= Johann Gottlieb Jackschon =

Australian cricket scorer

Johann Gottlieb Jackschon (23 January 1846 – 10 July 1931) was an Australian cricket scorer. He served as scorer for the New South Wales cricket team at various times over a period of around 40 years. On several occasions, he took the innovative step of making a separate memorandum recording the number of balls faced and runs scored by each batsman off each bowler, unlike scoring in a conventional scorebook but similar to the modern linear system of scoring.

Jackschon was born in Maust, in Teichland north of Cottbus, Spree-Neiße, Prussia (now in eastern Germany). He emigrated to Australia with his parents and two older sisters, arriving in Sydney in August 1852 on the brig Reiherstieg. The family settled in Grafton, about 600 km north of Sydney. One of his sisters later married a police constable Henry Bassman; the other married Joseph Kempnich, who ran a sugar mill.

In his earlier years, Jackschon played cricket as wicketkeeper for teams in Warwick and Albert, playing his first match at Yamba. He was honorary scorer for the New South Wales cricket team from around 1886 until around 1893, when he moved back to Grafton. He had an orange orchard at Carr's Creek, and he became secretary of the Grafton District cricket association. His father died in Grafton in 1897.

He continued to return to Sydney to score important cricket matches, including Test matches. Lord Sheffield gave Jackschon a gold medal for scoring in matches played by an English touring team captained by WG Grace that Sheffield organised in 1891-2. A report in The Referee of the Jubilee match played between New South Wales and Victoria in 1906 mentioned that Jackschon had compiled a table of balls faced and runs scored by each batsman off each bowler, in a similar manner to the modern linear system of scoring used in the 1890s by John Atkinson Pendlington, and developed Bill Ferguson and Bill Frindall.

After Jackschon moved back to Sydney in November 1904, he lived for some time in Mosman on the North Shore, and then moved to the Eastern Suburbs to be closer to the Sydney Cricket Ground . He underwent an operation for appendicitis in December 1911. He resumed his role as honorary scorer for New South Wales and then as official scorer from 1913. Affectionately nicknamed "the Professor" and occasionally "Jacko", "General" or "Daddy", he regularly occupied a seat in "Veterans Corner" in the Sydney Cricket Ground's pavilion, near the visitors dressing room, attending cricket or rugby matches for around 30 years.

He is often referred to by his initials, J.G., and his first name is sometimes Anglicised as John.

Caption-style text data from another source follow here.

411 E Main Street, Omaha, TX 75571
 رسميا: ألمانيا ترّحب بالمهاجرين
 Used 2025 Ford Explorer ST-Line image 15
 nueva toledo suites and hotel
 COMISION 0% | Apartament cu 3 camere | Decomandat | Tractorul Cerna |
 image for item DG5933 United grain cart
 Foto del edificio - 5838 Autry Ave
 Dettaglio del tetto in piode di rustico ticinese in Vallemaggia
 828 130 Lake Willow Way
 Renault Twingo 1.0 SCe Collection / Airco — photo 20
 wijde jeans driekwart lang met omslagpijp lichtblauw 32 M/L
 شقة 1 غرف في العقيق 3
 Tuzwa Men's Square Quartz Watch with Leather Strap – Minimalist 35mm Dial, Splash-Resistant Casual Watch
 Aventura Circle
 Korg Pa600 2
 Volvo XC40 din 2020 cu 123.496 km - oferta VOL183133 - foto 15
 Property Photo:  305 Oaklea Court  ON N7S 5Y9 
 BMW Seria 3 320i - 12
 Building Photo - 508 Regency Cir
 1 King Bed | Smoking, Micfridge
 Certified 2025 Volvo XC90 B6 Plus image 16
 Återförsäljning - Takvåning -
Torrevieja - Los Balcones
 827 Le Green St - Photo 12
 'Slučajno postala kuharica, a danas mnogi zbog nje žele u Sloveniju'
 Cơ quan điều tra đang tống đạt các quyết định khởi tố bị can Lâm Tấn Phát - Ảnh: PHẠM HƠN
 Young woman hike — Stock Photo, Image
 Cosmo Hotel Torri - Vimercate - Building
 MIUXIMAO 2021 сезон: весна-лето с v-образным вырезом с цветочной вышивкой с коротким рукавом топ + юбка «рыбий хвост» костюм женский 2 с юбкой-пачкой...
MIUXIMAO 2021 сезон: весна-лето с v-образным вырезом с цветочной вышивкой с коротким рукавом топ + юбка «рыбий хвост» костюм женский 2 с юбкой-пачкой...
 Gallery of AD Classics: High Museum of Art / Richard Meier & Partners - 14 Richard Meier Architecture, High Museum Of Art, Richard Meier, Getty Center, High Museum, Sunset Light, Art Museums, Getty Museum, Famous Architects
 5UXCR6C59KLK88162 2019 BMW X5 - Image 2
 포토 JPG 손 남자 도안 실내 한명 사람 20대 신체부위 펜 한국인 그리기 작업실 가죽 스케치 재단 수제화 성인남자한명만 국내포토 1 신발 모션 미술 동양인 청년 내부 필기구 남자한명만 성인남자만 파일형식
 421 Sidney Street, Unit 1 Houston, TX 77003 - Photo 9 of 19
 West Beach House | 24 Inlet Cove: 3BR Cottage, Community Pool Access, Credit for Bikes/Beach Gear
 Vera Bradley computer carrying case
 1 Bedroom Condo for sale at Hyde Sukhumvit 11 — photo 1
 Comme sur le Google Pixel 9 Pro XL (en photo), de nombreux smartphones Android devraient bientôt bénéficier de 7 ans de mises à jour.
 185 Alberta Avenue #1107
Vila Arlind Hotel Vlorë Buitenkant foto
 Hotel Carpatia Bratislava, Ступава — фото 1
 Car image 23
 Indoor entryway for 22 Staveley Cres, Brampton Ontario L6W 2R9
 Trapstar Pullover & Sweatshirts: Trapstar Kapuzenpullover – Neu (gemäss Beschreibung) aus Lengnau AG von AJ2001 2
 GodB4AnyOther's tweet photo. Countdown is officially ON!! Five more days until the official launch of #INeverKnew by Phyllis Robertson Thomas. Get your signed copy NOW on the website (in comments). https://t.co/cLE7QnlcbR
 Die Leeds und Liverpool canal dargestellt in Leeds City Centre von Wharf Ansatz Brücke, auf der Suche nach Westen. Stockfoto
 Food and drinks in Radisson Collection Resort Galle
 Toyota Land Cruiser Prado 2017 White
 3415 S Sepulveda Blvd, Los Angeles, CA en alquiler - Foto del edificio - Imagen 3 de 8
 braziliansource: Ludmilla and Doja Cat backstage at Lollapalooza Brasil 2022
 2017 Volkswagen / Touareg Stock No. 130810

In some sources, his surname is given as Jackscohn or occasionally Jackson. The year of his birth is confused in some sources. He was reported to have celebrated his 74th birthday in January 1924, when he was probably 78, and was said to be variously 84 or 86 at his death in Bondi in July 1931, when he was probably 85. He was associated with the Manchester Unity of Oddfellows for many years. After a funeral at St. Clement's Church in Mosman, he was buried in the Northern Suburbs cemetery. He was survived by his widow, Sarah, and a sister, Mrs Kempnich.